My name is Domingos, I’m 16 and I’m from Rio Grande do Sul, but I live in Curitiba, Brasil.
My ankle pain started when I was 12, at first my PE teacher thought I was pretending, because I started to be unwell when doing physical activities. I started to feel a lot of pain on my ankles when waking up or when I stood still for a long time. My mom got worried and took me to a doctor, he examined me and concluded that I was with tendon shortening, then I started doing physiotherapy and swimming.
Two years passed and the pain got stronger and stronger, to a point that I started having frequent crises that made me go to the hospital to take anti-inflammatories. The pain and loss of movement in my ankle became so severe that I was referred to a pediatric rheumatologist. The rheumatologist suspected that I might have EDS and made a clinical diagnosis, then referred me to a geneticist. The Exoma Test confirmed classical Ehlers-Danlos syndrome (cEDS).
At this point I had already been diagnosed with bilateral Osteochondritis Dissecans (level IV) in the domus of the talus. So I went to an orthopedist who decided to try a conservative treatment first, which consisted of applying hyaluronic acid to both ankles and immobilizing them for two months. When the immobilization cast was removed, he requested 30 physiotherapy sessions so that I could relearn how to walk correctly. Also the doctor requested another MRI scan after 4 months to see if there has been any bone healing or if I need to undergo two surgeries, one on each ankle.
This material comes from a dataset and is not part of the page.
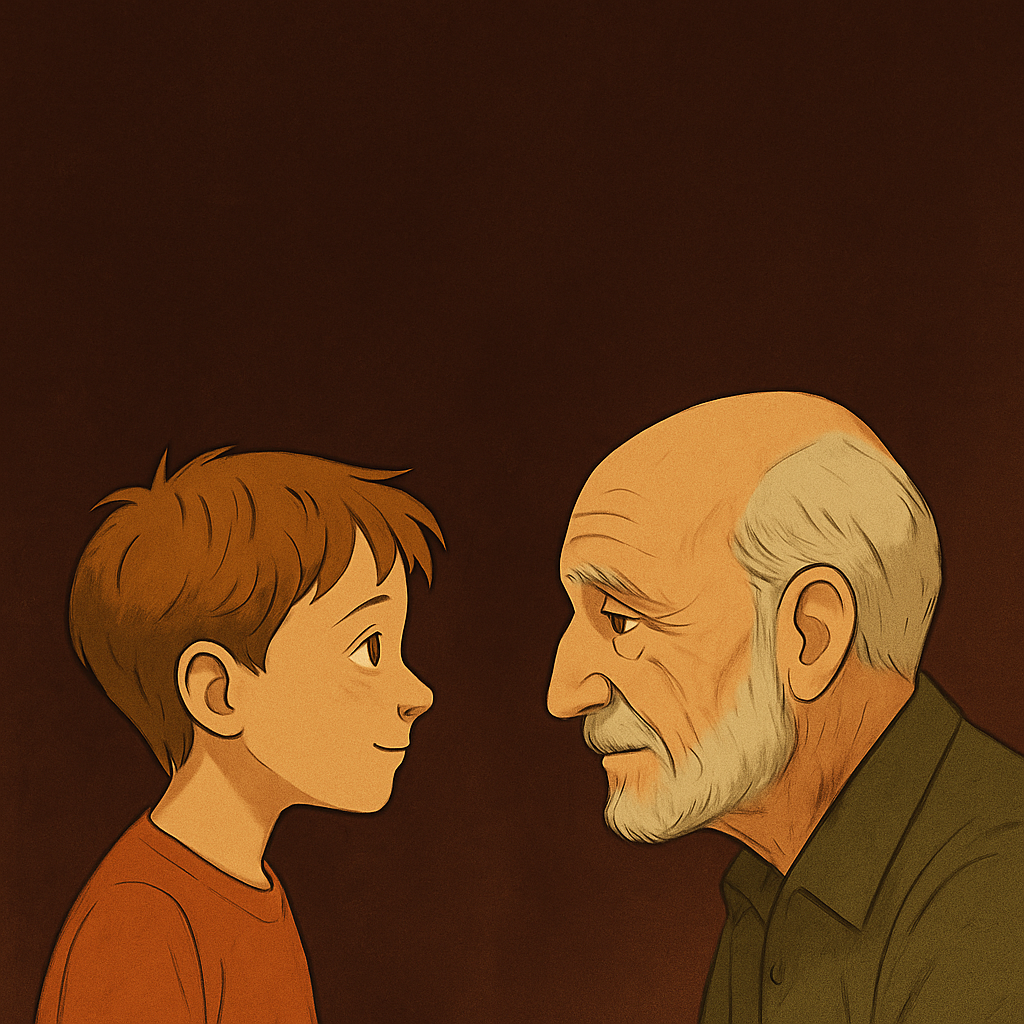 Un bambino e un anziano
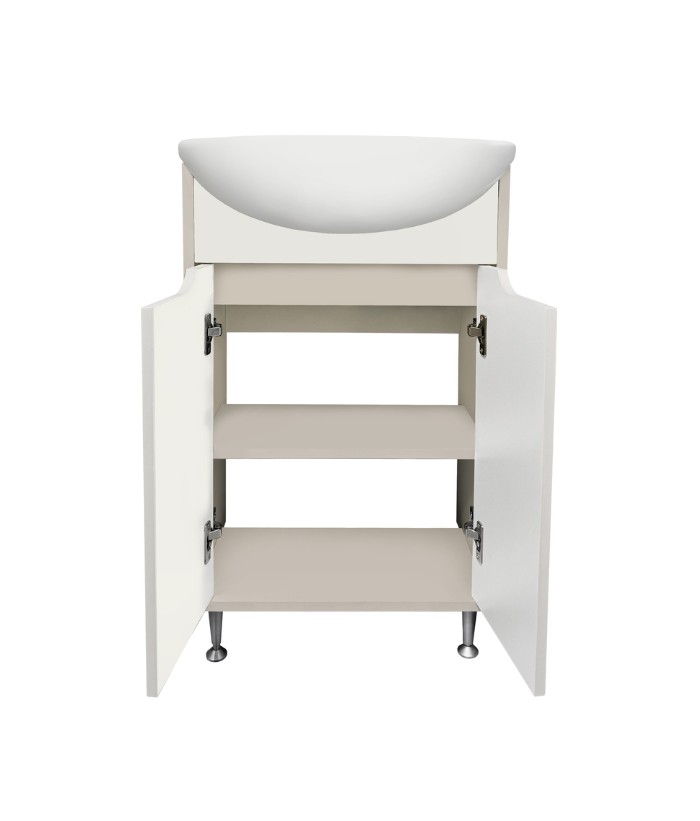 Тумба напольная Runo Эконова с раковиной Уют 50, 2 двери, серо-оливковый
I leave my testimony to help other people who suffer from pain and take a long time to get the correct diagnosis, sometimes being discredited in their symptoms and treated in the wrong way. I hope that the professionals who read this will consider the possibility of both cEDS and Osteochondritis Dissecans in adolescents with ankle pain. Many doctors concluded that I was experiencing “growing pains”, when in fact I suffer from a rare and serious problem that compromises my mobility and well-being.